What you have to do → Within the records below, reproduce without change the lines from the line that has "Halloween Haarband Zwart Roze Heks" through the line that has "Name it? Category?", and only those.

--- Data for this task Enclosed Below ---

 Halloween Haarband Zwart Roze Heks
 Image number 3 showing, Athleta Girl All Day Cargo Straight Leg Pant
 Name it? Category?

--- End of Enclosed Data for this task ---
--- Data for this task Enclosed Below ---

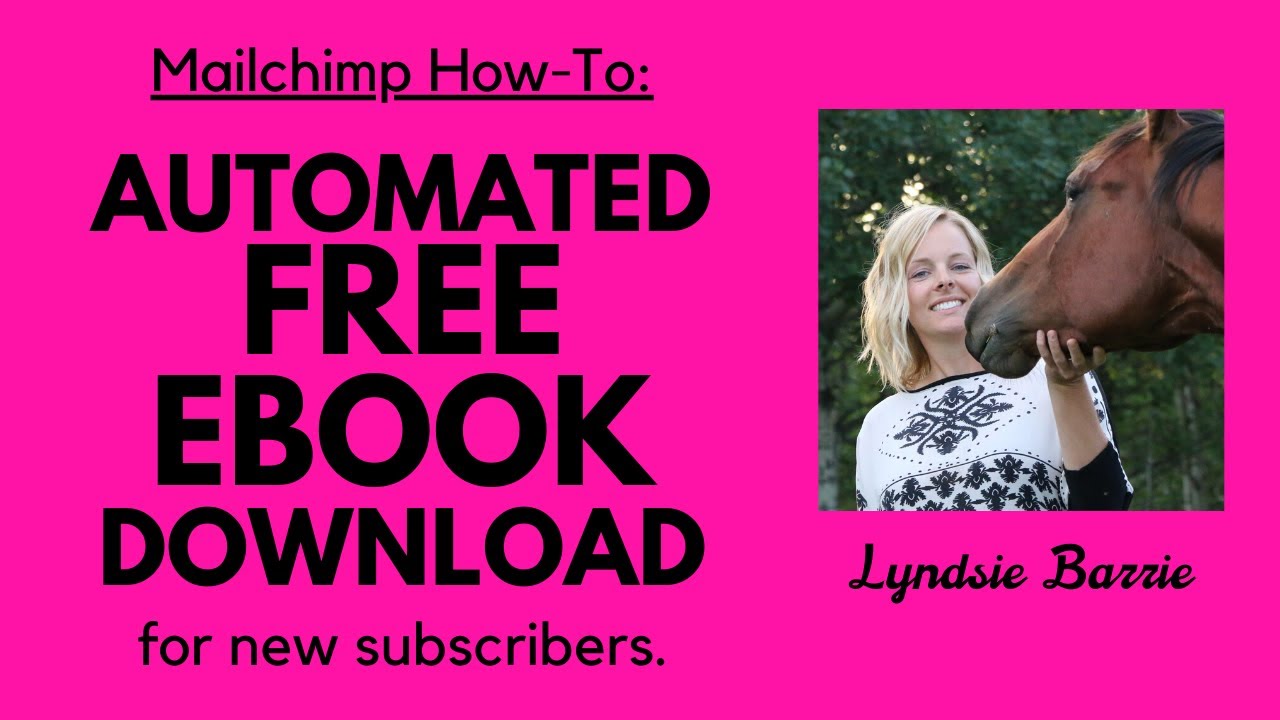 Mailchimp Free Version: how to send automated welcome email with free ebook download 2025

--- End of Enclosed Data for this task ---

Answer box →
 Halloween Haarband Zwart Roze Heks
 Image number 3 showing, Athleta Girl All Day Cargo Straight Leg Pant
 Name it? Category?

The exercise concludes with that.